I’m getting ready to write my review of Ta-Nehisi Coates‘ The Beautiful Struggle. In the same way that Kwame Dawes describes his style of writing as having a “reggae aesthetic“, it’s clear that Coates is trying to craft a hip-hop aesthetic in his style of writing. Some of the most common words in his lexicon are “jennys” and “Mecca”, words that have at least 15 years of literary history in the lyrics of De La Soul, Pete Rock & C.L. Smooth, Tribe Called Quest, and others. And so, while reading The Beautiful Struggle I began to remember all those tracks that I had stopped listening to years ago, and also discovered others that I had never heard before.
Most of the songs in this podcast are from the east coast during the early 90’s, which I think is the area and era that influenced Coates’ writing the most. (There are a couple notable exceptions: 2pac who provides a nice intro and J Live whose lyrics I’ve been eating up like an old box of letters.)
Ta-Nehisi writes infrequently about hip-hop. To those who say it’s ruining black America, he responds, “I would play Illmatic, De La Soul Is Dead, The Infamous, Word…Life five hundred times over before I would offer him a single word written by John McWhorter.” Similarly, he feels that “people who make judgments about the moral worth of hip-hop, often aren’t especially schooled in the music.” And does Obama represent an end to hip-hop culture? Not for Ta-Nehisi.
Thank you for the podcast – other than listening to my old-school station on Pandora, this is the best way I could spend a Monday morning. After watching the videos of Ice-T and whatever his name is that you bookmarked yesterday, I had a dream that I was asked to put together a mixtape of what I think “good hip-hop” is. In our dreams, I believe that we have perfect recall – I can remember every lyric to every song, but only in my dreams. Along the same lines, I knew the names and albums of every song on my dreamy mixtape. Among them were songs off of
Mecca and the Soul Brother – Pete Rock and C.L Smooth
Midnight Marauders – A Tribe Called Quest
Stakes is High – De La Soul
Illmatic – Nas
Common – Like Water For Chocolate
Blackstar – Blackstar
It appears that sharing links, sharing what we read, can lead to shared thought, shared experience.
I’m tempted to comment – and so I will – that even the title of the book could be construed as a hip hop reference (hello, 2005 Talib Kweli album!).
Anyhow, love the podcast and it represents a lot of my favorites too 🙂
(although, as you know, looking at my last.fm profile, you’d never know that)
Also hilarious? Your captcha just gave me “Nas”
Um, I’m not running Firefox, I’m running Flock. Tell your blog to get with the program!
Nice man. It’s interesting because I’ve been putting something similar together in my head. I’ll drop it soon. I was especially impressed by your 2Pac selection. I think the “Me Against the World” album is a pretty underrated record in his discography, but it’s the most potent and emotional.
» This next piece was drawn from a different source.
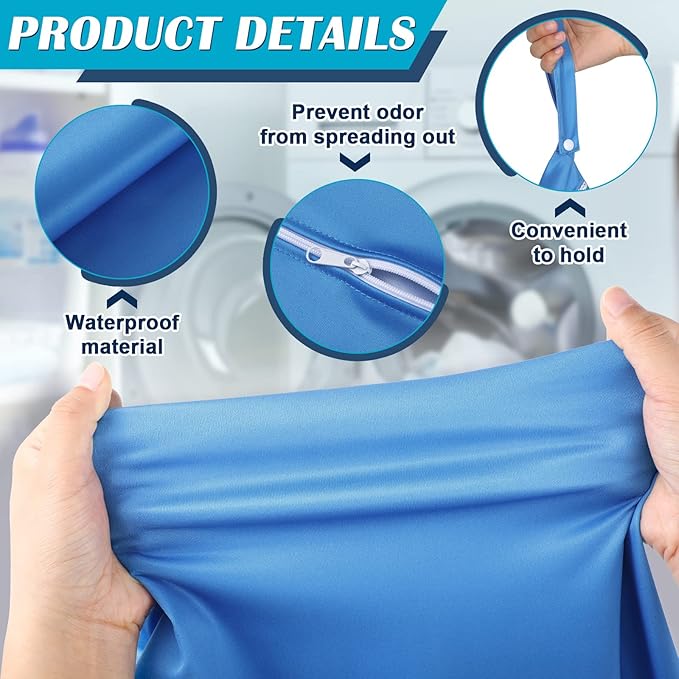 Shappy 2 Pcs Large Travel Laundry Bag Washable Waterproof Wet Dry Large Dirty Clothes Bag Bathing Workout(Solid Gray Blue)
I’ve had the same bizarre experience – perfect recall in a dream of details that I’d never be able to remember in that portion of life we call wakefulness. I still don’t know how I feel about Blackstar. I think I mix them up with Gangstarr.
Yeah, he throws out a good amount of subtle love to both Nas and Talib. But the overall tone and style seem (to me) to be founded in early 90’s hip-hop.
That’s just because it’s the only track on the podcast that is outside the realm of what you would consider “hip-hop that white people like”, innit?
Glad I finally took a listen – you made my evening.